Four years ago we ran one of my favorite ads, the “Horse and Buggy” ad. In 2008 fuel prices were climbing and diesel peaked at $4.207/gallon on August 18. Shippers, carriers, consumers were struggling with rising fuel charges and everyone was looking for ways to cut transportation costs.
It may be time to run the ad again.
This week the Department of Energy (DOE) announced that the average price of diesel rose .5 cents to $4.147 a gallon, which is the highest diesel has climbed since that summer day in 2008. I believe it won’t be long until we reach the $4.207/gallon price and, more than likely, surpass it. This is the ninth straight increase we’ve seen, and in the past three months the average price for a gallon of diesel has risen 36.4 cents.
Fuel costs are on an upward trajectory and shippers need to get resourceful, creative. Of course horse-drawn transportation hasn’t been a viable option since the 1800s, but the point is made. My advice: Don’t lament the situation, leverage it.
Now is the perfect opportunity to step back and really dig into your freight operations. Fuel costs are beyond our control, so we must control what we can. When was the last time you explored opportunities for freight optimization? Shipment aggregation, consolidation, co-loading, continuous move routing, mode-shifting. Even a small reduction in deadhead miles will contribute to your bottom line.

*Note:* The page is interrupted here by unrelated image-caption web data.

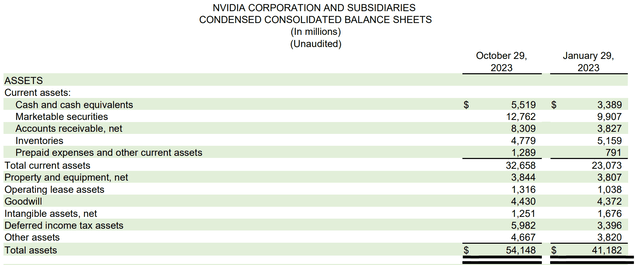 NVDA accounts receivable Q3/F24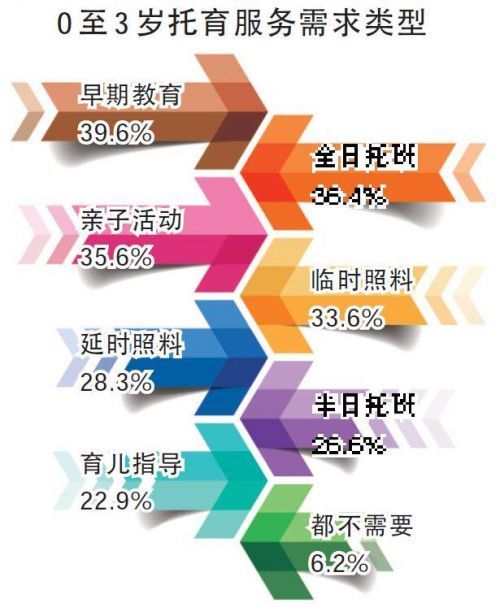 宝宝未满三岁适合送托育吗?幼儿托育服务呼声高涨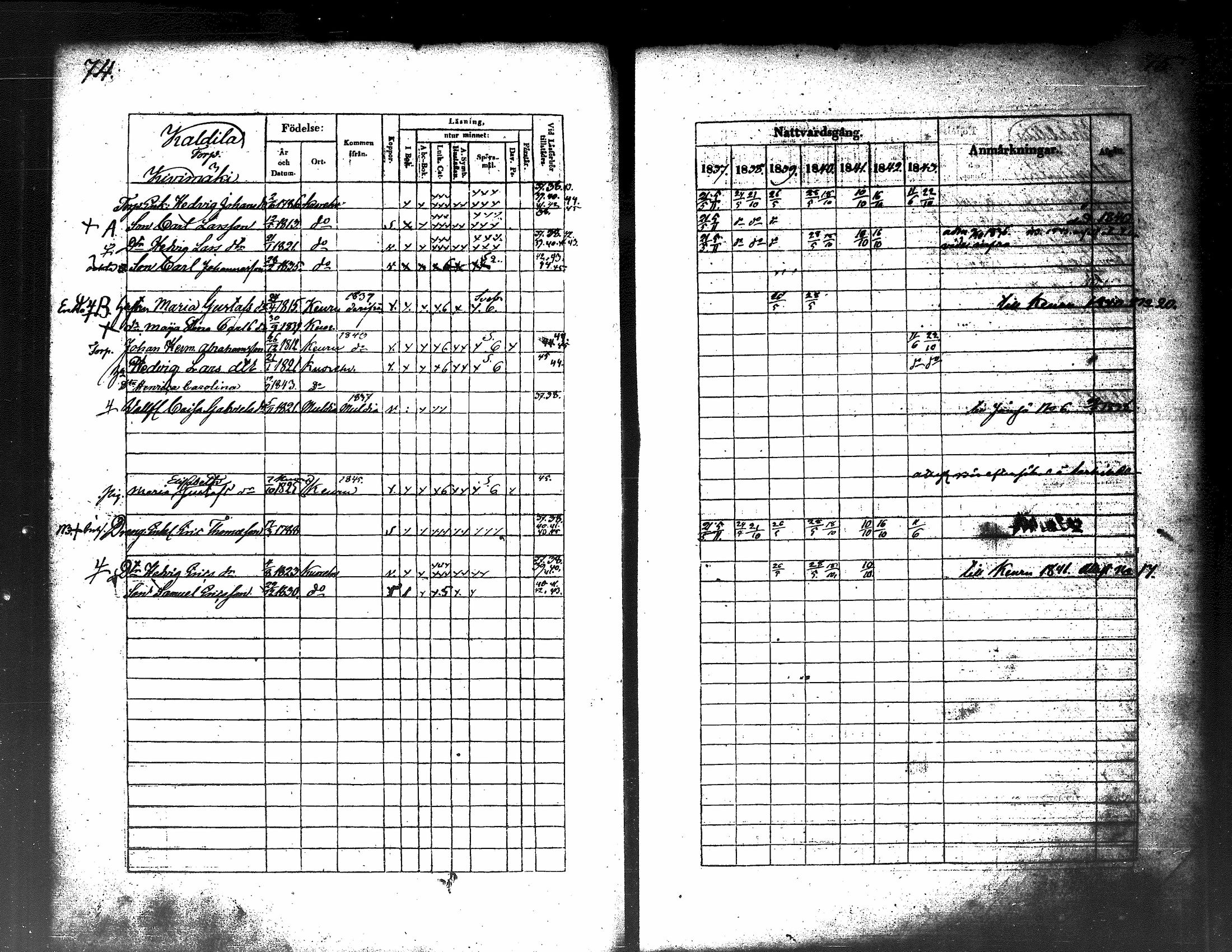 [ ../kirjat/Kirkonkirjat/kuorevesi/rippikirja_1837-1853_tk506-507/kuvat/43.jpg ]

Maybe you don’t think these practices are an option for you, but odds are in your favor. Over the years we’ve worked with countless shippers whom have been surprised to discover that yes, freight optimization can work for them. And, what’s more, they don’t have to make trade-offs between cost reduction and customer satisfaction.
LMS has published a white paper that explores optimization tactics in detail – “Ten Best Practices for Motor Freight Management.” It’s a good place to start and it’s free; you can request it via this link. Better yet, we can perform a free analysis of your transportation data. Using our proprietary technology, we will quickly review your freight activities to identify viable optimization opportunities within your network. If you are interested, contact us (firstname.lastname@example.org).
Regardless of how you choose to go about your research, know that it is an important exercise that can help you mitigate the effects of rising fuel costs. Chances are great that your efforts will lead you to viable cost-saving initiatives, and, chances are, none of them will involve horses.